What you have to do: Without the images, reproduce every entry exactly.

Exercise input:
- Opening Delimiter -
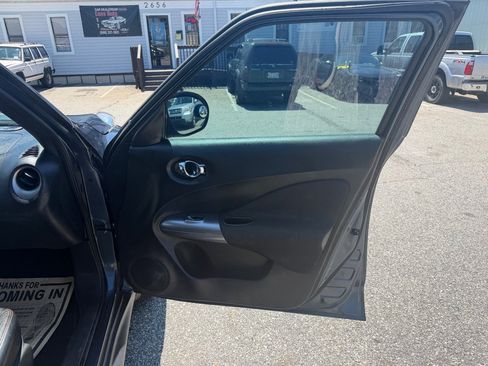 Used 2011 Nissan Juke SL AWD/4WD image 14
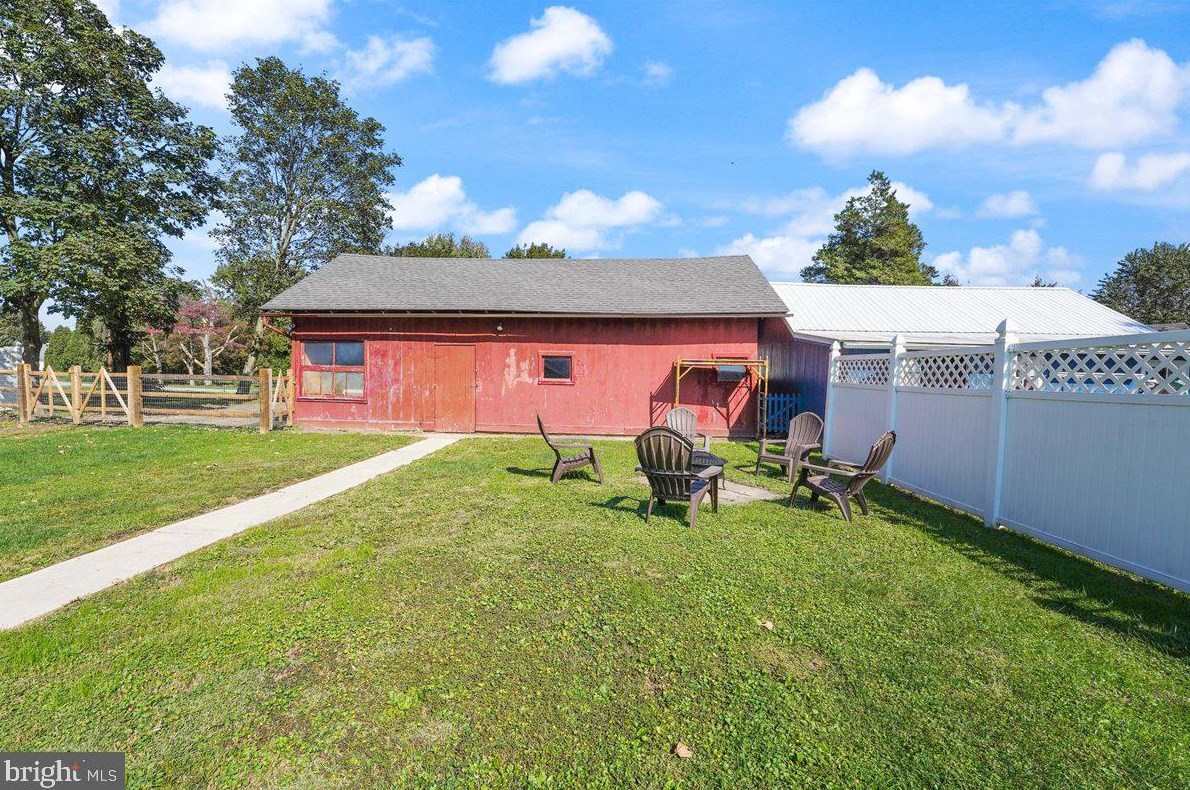 51 Pine St, Oxford PA  19363-1447 exterior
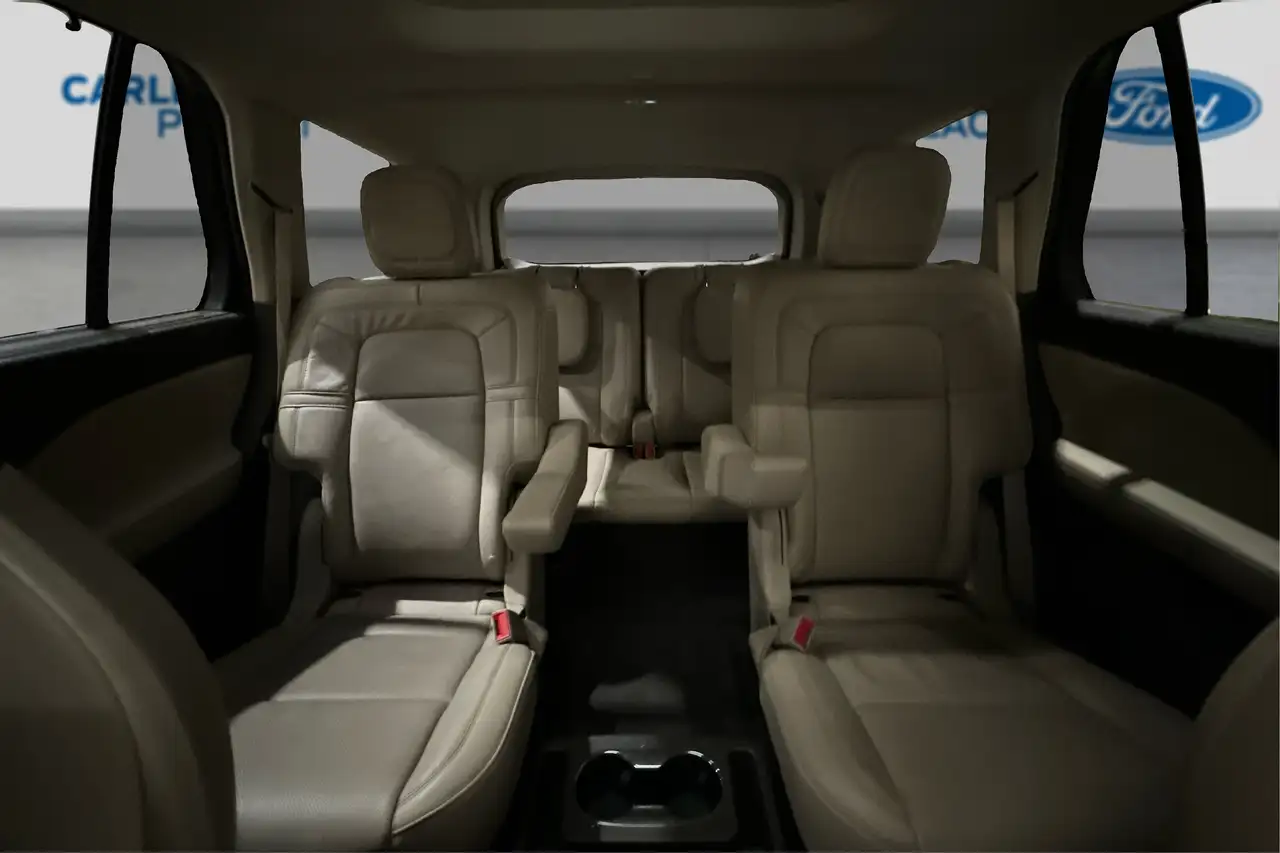 Lincoln Aviator снимка Lincoln Aviator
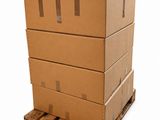 trois cartons empilés les uns sur les autres sur une palette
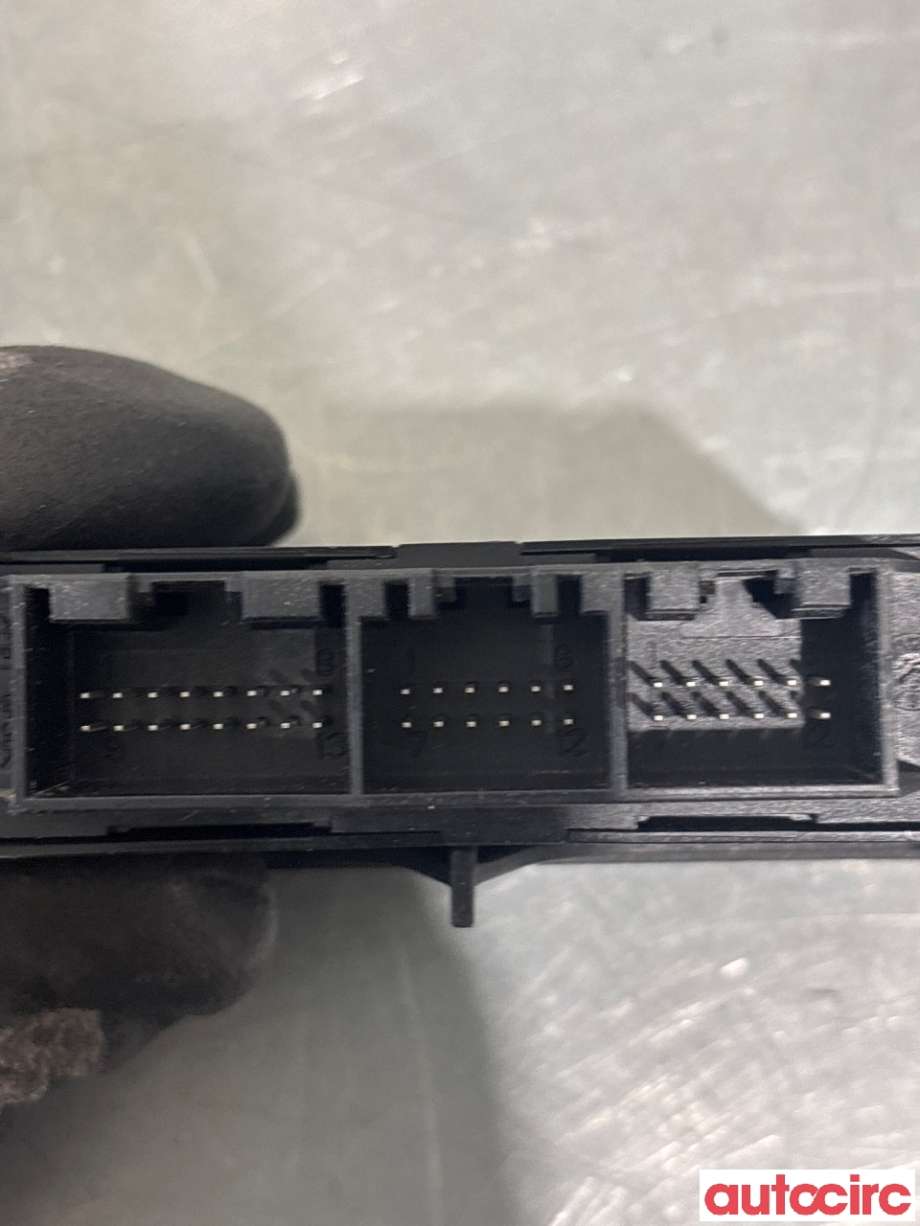 Styreenhet parkering til Volvo V70 2014-2016 (Type III, Fase 2)  (VOLVO|31423950|)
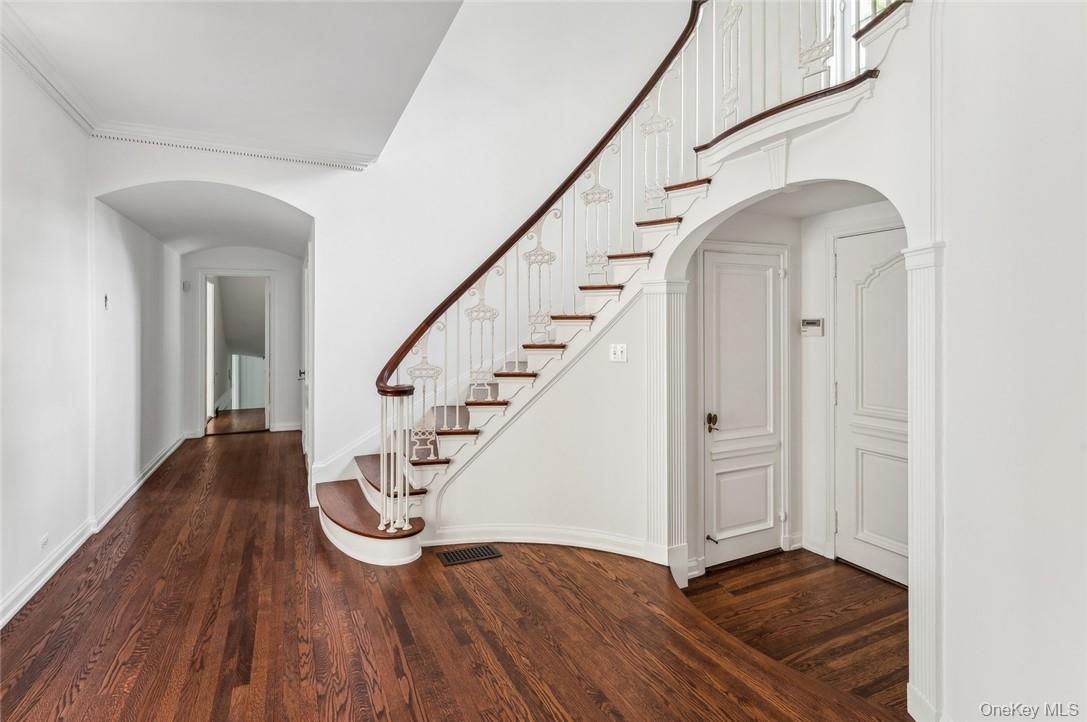 #7 photo, 6 Loden Lane, Purchase , NY 10577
- Closing Delimiter -
Response to the exercise:
 Used 2011 Nissan Juke SL AWD/4WD image 14
 51 Pine St, Oxford PA  19363-1447 exterior
 Lincoln Aviator снимка Lincoln Aviator
 trois cartons empilés les uns sur les autres sur une palette
 Styreenhet parkering til Volvo V70 2014-2016 (Type III, Fase 2)  (VOLVO|31423950|)
 #7 photo, 6 Loden Lane, Purchase , NY 10577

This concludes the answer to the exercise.